= Bradley Thompson =

American television writer and producer

Bradley Thompson is an American television writer and producer known for episodes of Star Trek: Deep Space Nine (1996–1999), The Twilight Zone (2002–2003), Battlestar Galactica (2004–2009), CSI: Crime Scene Investigation (2009-2011), Falling Skies (2011-2013), and The Strain (2014-2017) with writing partner David Weddle. They are currently writing for the series For All Mankind, which debuted on Apple TV+ on November 1, 2019. They also wrote for the short-lived series Ghost Stories (1997) and The Fearing Mind (2000).

==Biography==
Thompson graduated from the USC School of Cinema, as did writing partner David Weddle, whom he originally met in an acting class. Weddle and Thompson first pitched stories for Deep Space Nine at Paramount Pictures. In 1995, the two joined the writing staff for DS9s final four seasons, crafting 12 episodes. On the series, they worked with producer Ronald D. Moore, who hired them for Battlestar Galactica in 2004.

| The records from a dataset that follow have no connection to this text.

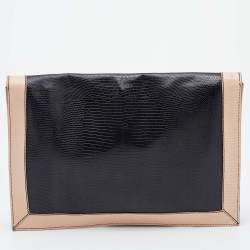 Pre Owned Fendi Black/Pink Lizard Embossed Leather Flap Clutch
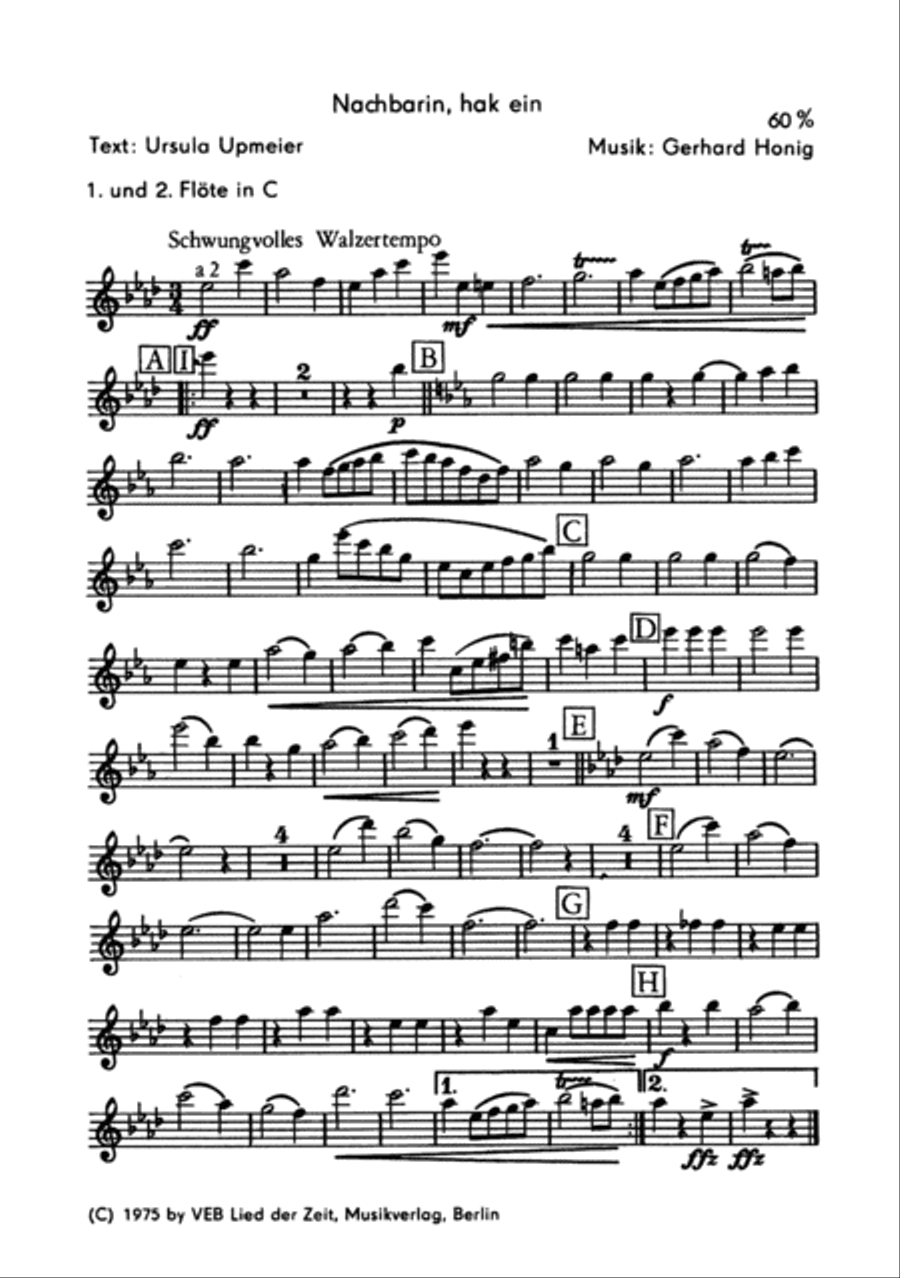 Nachbarin, hak ein Nachbarin, hak ein Clarinet scores gallery preview page 2
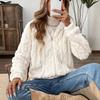 Women's Plush Jacket, Casual Solid Color Hooded Drawstring Jacket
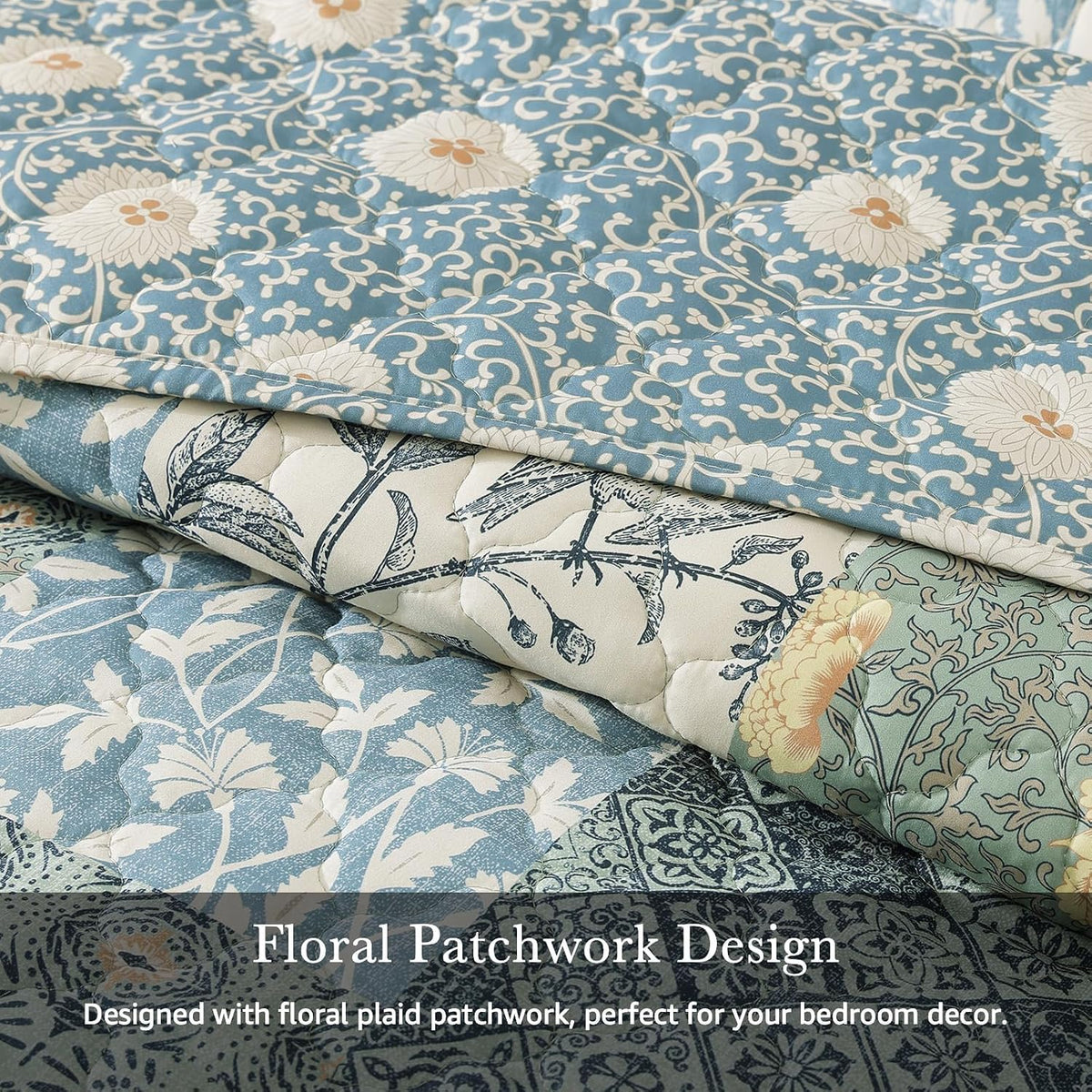 Quilts Queen Size-3 Pieces Soft Queen Bedspread Floral Patchwork Quilt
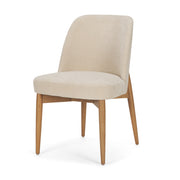Abbie Curved Back Oatmeal Fabric Dining Side Chair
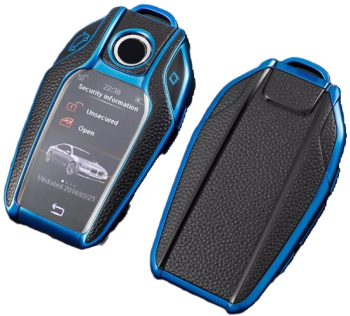 Husa Cheie Smartkey BMW Culoare Negru cu Albastru din TPU+PC cu Aspect Piele Compatibila cu BMW Seria 7 X5 X6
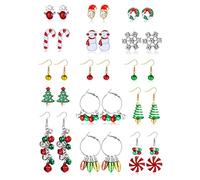 Finrezio 8-36 Paia Pendenti Orecchini Natale Set per Donna e Ragazze - Albero Natale, Ghirlanda Natale, Santa e Regali Natale Partito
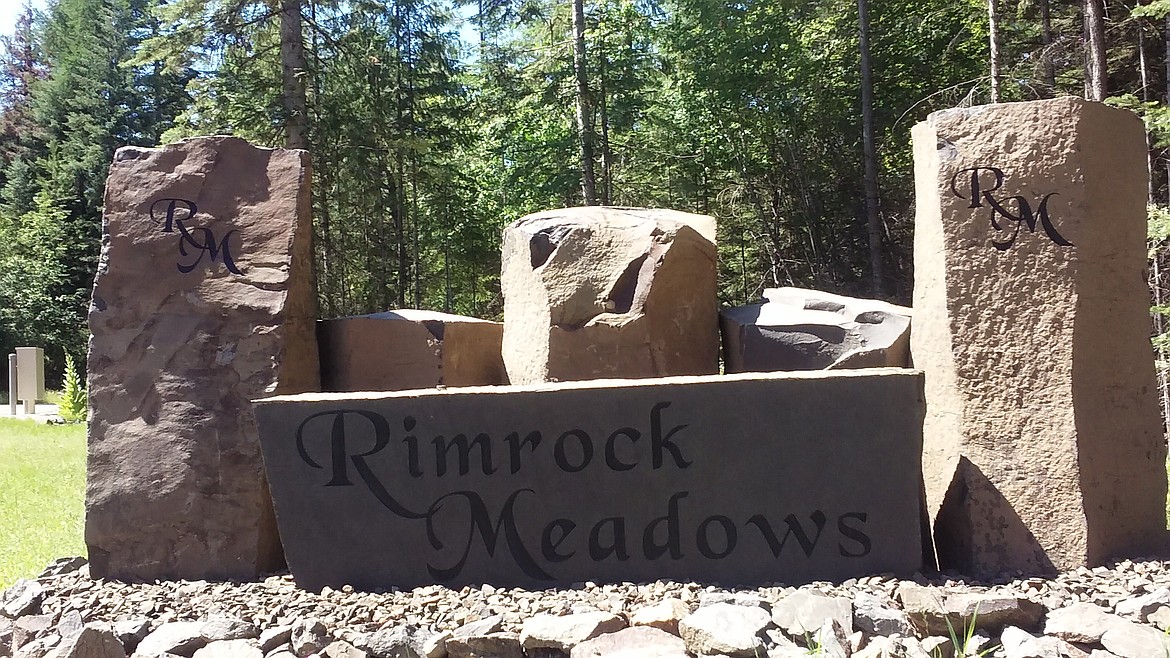 Photo by TYLER WILSON
One of the entrances to Rimrock Meadows coming from English Point Road in Hayden.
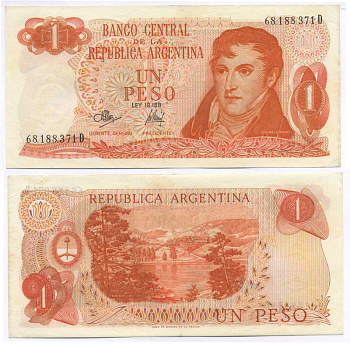 АРГЕНТИНА 1 ПЕСО 1973 СЕРИЯ D 68188 Pick 287 бумага UNC (ПРЕСС) 7148-34-1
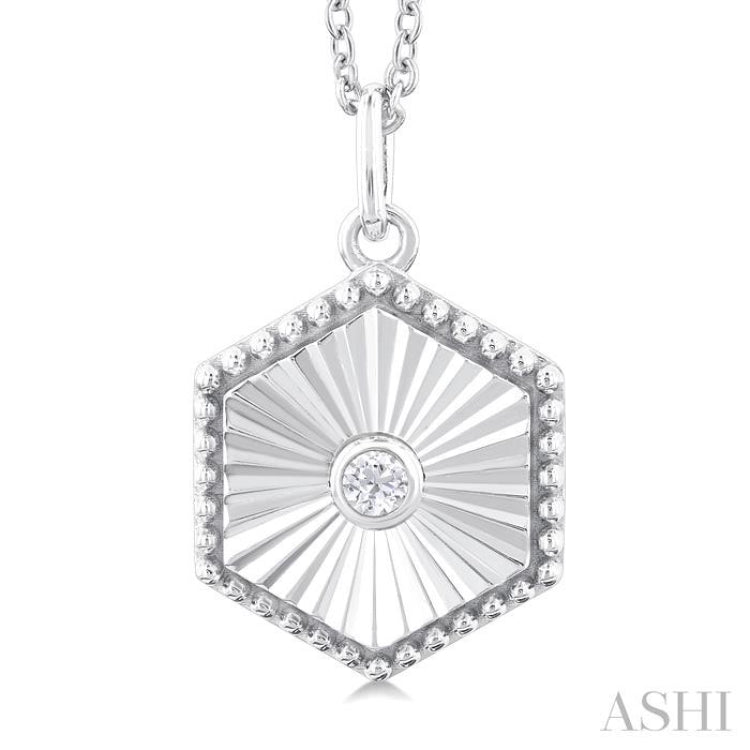 1/20 ctw Hexagon fluted medallion Round Cut Diamond Pendant With Chain in 10K White Gold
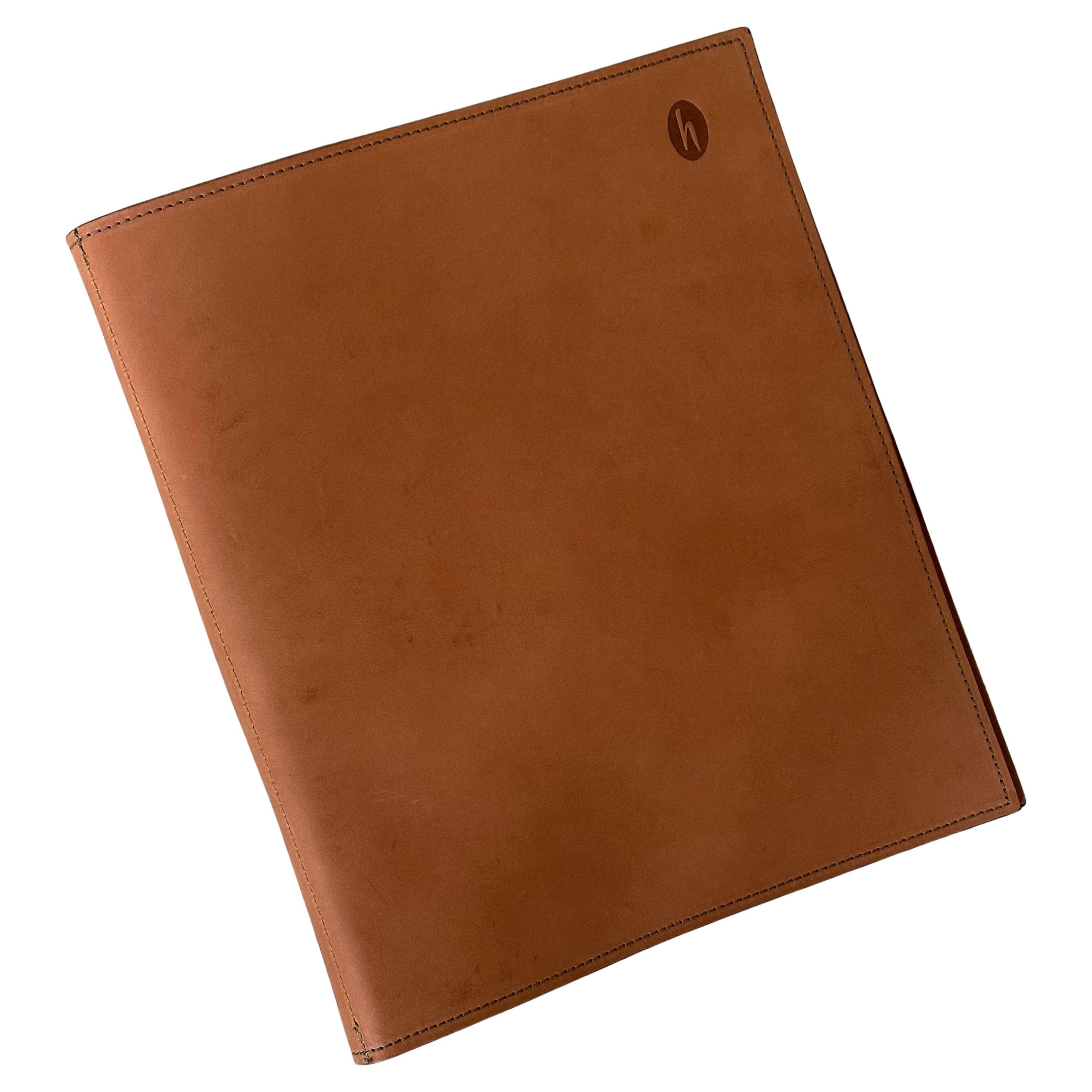 Vintage Tan Leather Three Ring Binder by Hartmann For Sale 3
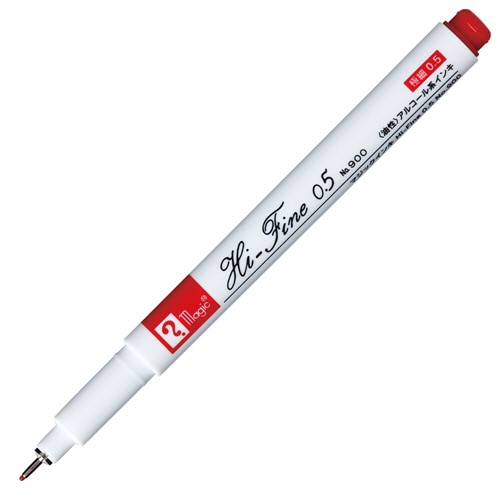 寺西化学　油性マーカー　マジックインキ　Hi-Fine　0.5　No.900　赤　M900R-T2　1セット（10本）（ご注文単位1セット）【直送品】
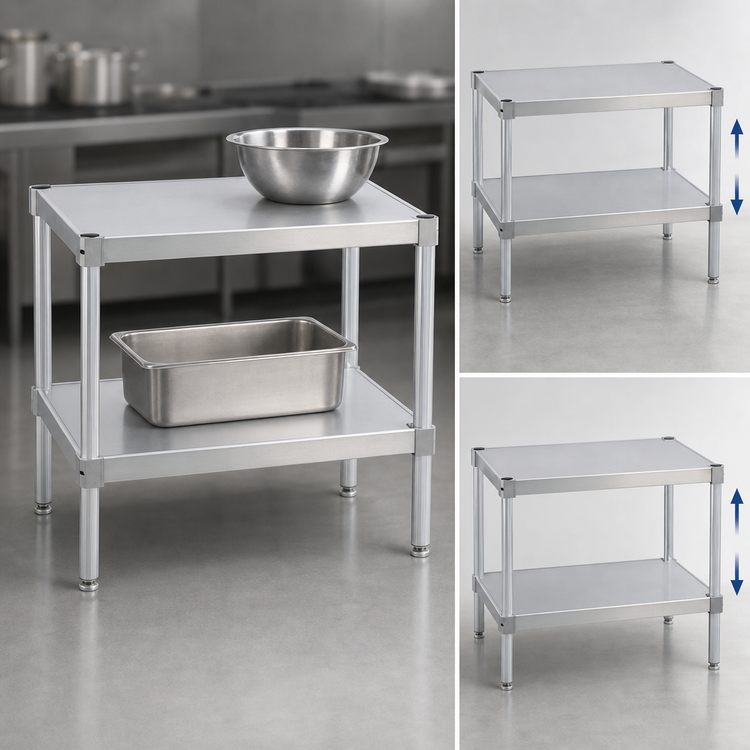 Product image #3 for New Age 42-Inch Stationary Modular Aluminum Equipment Stand with 2 Adjustable Solid Shelves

Together with Weddle, Thompson served as a story editor on the first season of Battlestar Galactica, and they became co-producers in the second season. Their responsibilities as producers increased during the third season, and they achieved supervising producer status for the fourth season. They wrote a total of 15 episodes for BSG.

In 2008, Thompson and Weddle joined the staff of CSI: Las Vegas mid-way through Season 9 as writers and supervising producers. In Season 10, they became co-executive producers, writing nine episodes in all over three seasons. An episode they wrote for the 11th season, "Fracked", won the Environmental Media Association's 21st Annual Environmental Media Award for Television Episodic Drama.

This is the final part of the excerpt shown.